A train traveling at a constant speed rounds a curve of radius 250 m. A chandelier suspended from the ceiling swings out to an angle of 15.5° throughout the turn. What is the speed of the train?

what equation should i use?

You need to think it through and solve two equations. The fixture or chain that holds the chandelier exerts a tension force T upon it that is inclined 15.5 degrees to the vertical. The vertical component supports the weight, M g, and the horizontal component provides the centripetal force, M V^2/R . Thus

T cos15.5 = M g, and
T sin15.5 = M V^2/R

You can divide the last equation by the first to eliminate T and M

tan15.5 = V^2/(gR) = 0.2173

Solve for V, in m/s

To determine the speed of the train, you can use the centripetal acceleration equation. The centripetal acceleration is given by the formula:

a = (v^2) / r

Where:
a = Centripetal acceleration
v = Velocity (speed) of the train
r = Radius of the curve (250 m)

Since the problem states that the chandelier swings out to an angle of 15.5° throughout the turn, we can relate that angle to the velocity of the train.
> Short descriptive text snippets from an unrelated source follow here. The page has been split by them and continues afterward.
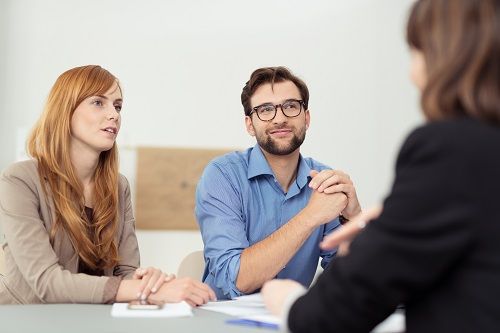 Man and woman speaking with a San Diego alternative dispute resolution lawyer.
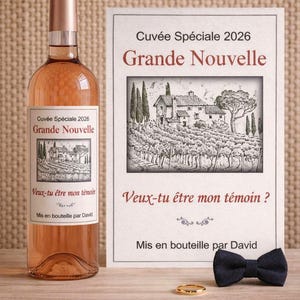 Può includere: Una bottiglia di vino rosato e un biglietto con la scritta "Grande Nouvelle" e un'illustrazione di un vigneto. Il biglietto include anche la scritta "Veux-tu être mon témoin?" e un papillon e un anello d'oro sul tavolo.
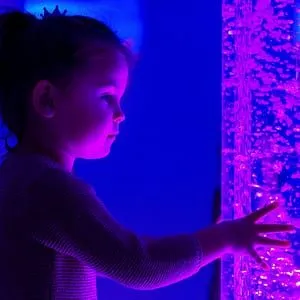 A young girl in a sensory room reaching out to touch a free-standing bubble tube - representing the Purple House Clinic's sensory assessment service.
When an object swings through an angle, it experiences a centripetal force that keeps it moving in a circular path.

The angle can be related to the centripetal acceleration using the equation:

a = g * tan(theta)

Where:
g = Acceleration due to gravity (approximately 9.8 m/s²)
theta (θ) = Angle (15.5° in this case)

By equating these two equations and substituting the given values, we can find the velocity of the train. So, the equation you should use is:

(v^2) / r = g * tan(theta)

Rearranging this equation, you can solve for v:

v = sqrt(r * g * tan(theta))

Plug in the given values and calculate the answer.